Records shown:
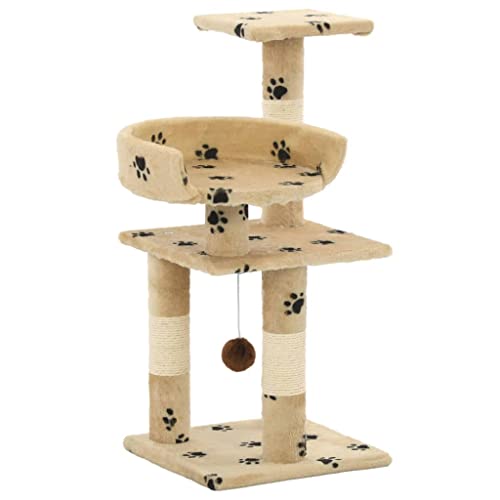 Katzenbaum Katzenkletterturm, Katzenkratzbaum Kratzbaum mit Sisal Kratzbäume 65cm Pfotenabdrücke Beige Katze Kletterbaum Haus Katzenkratzmöbel für Kätzchen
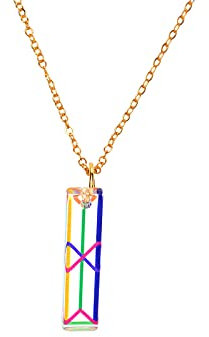 Kette Halskette mit Anhänger Schmuck für Frauen Mädchen Mode Einfacher Schmuck Geburtstagsgeschenk Englisch Harz Buchstabe Acryl Farbe gestreifte Halskette 26 Anhänger Halskette (I, One Size)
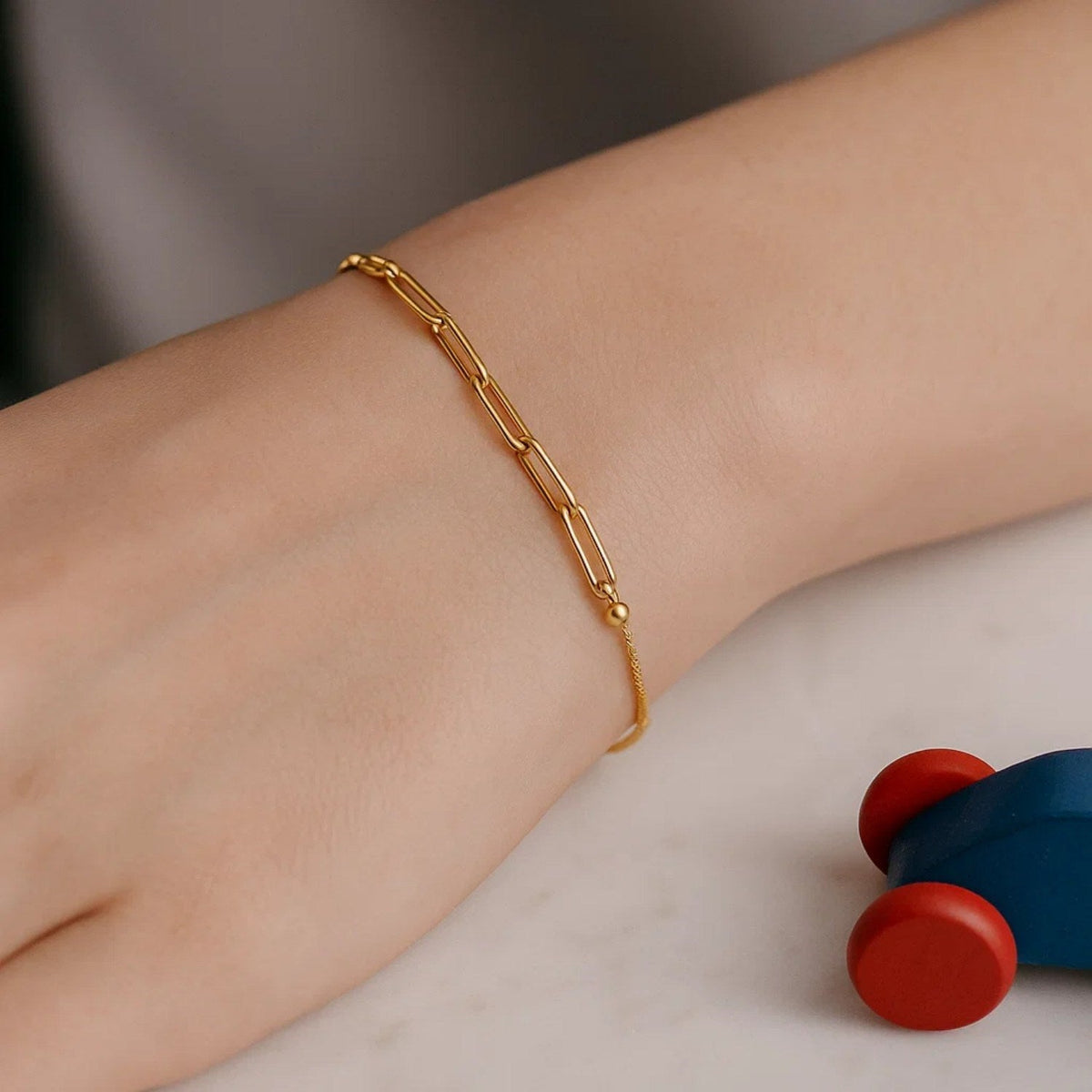 14K Yellow Gold Adjustable Bracelet with Paperclip Chain - LinkagejewelrydesignLinkagejewelrydesign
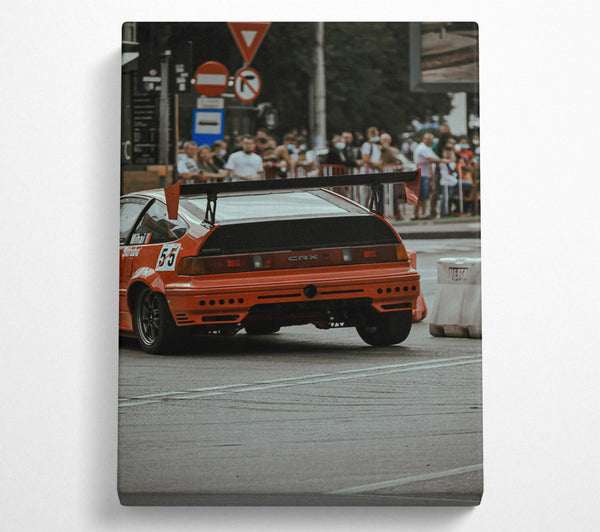  A Canvas Print of Red Honda Crx Drift Canvas Wall Art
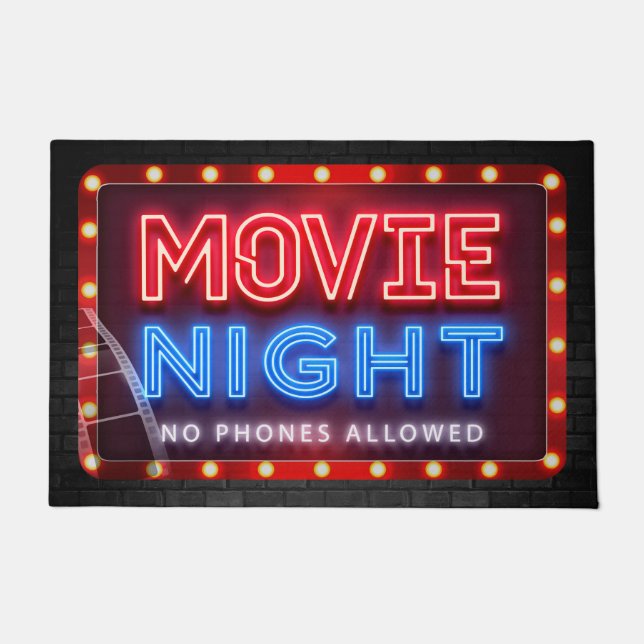 Paillasson Cinéma Nuit Salle de cinéma mat (Devant)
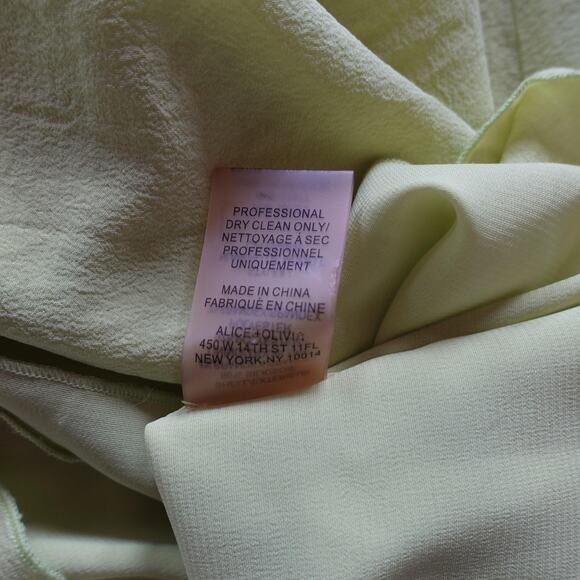 Alice + Olivia Cami Top Medium Lime Green Silk Halter Tunic Y2K Rave Club Dress - Picture 10 of 11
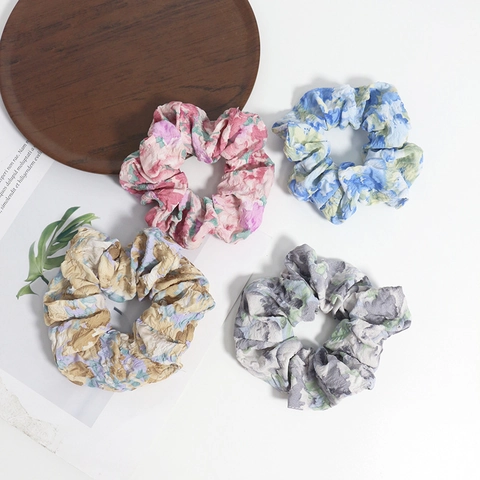 Vintage Blumig Chiffon Scrunchies Für Damen Großer Durchmesser Gefaltete Haargummis Elastisches Haarband Süßes Haar Accessoires Geschenk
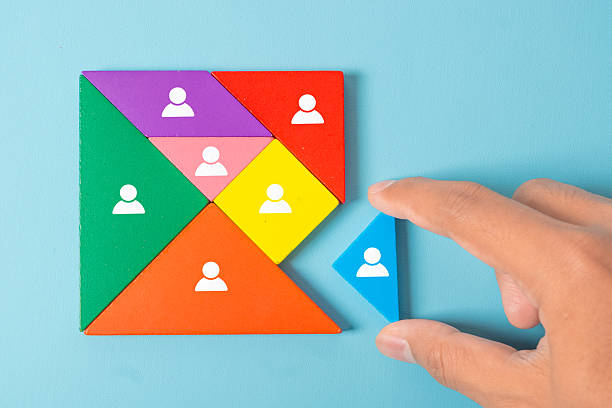 istock tangram puzzle blocks with people icons ,human resources and management concept 2222118280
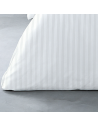 Zoom détails motifs visuel housse de couette percale satin blanc 1 place 140x200 cm vendu avec une taies d'oreillers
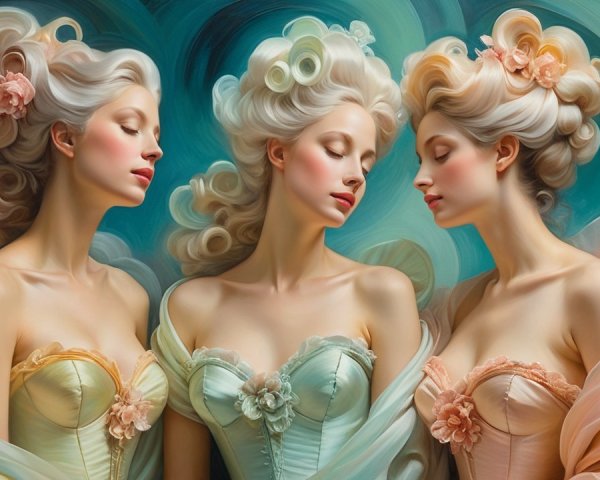 Elegant Women with Floral Hair and Pastel Corsets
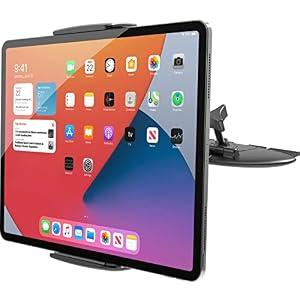 APPS2Car for Sturdy iPad Holder for Car CD Slot Tablet Mount, 2-in-1 Universal 4.7-11" Holder for iPad Pro 11 Air Mini, iPhone, Galaxy Z Fold, Adjustable 360° Rotation, Road Trip Essentials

Work required: Output the line that contains "Zoom détails motifs" and every line after it to the end of the records, word for word, leaving out the pictures.

Answer section:
 Zoom détails motifs visuel housse de couette percale satin blanc 1 place 140x200 cm vendu avec une taies d'oreillers
 Elegant Women with Floral Hair and Pastel Corsets
 APPS2Car for Sturdy iPad Holder for Car CD Slot Tablet Mount, 2-in-1 Universal 4.7-11" Holder for iPad Pro 11 Air Mini, iPhone, Galaxy Z Fold, Adjustable 360° Rotation, Road Trip Essentials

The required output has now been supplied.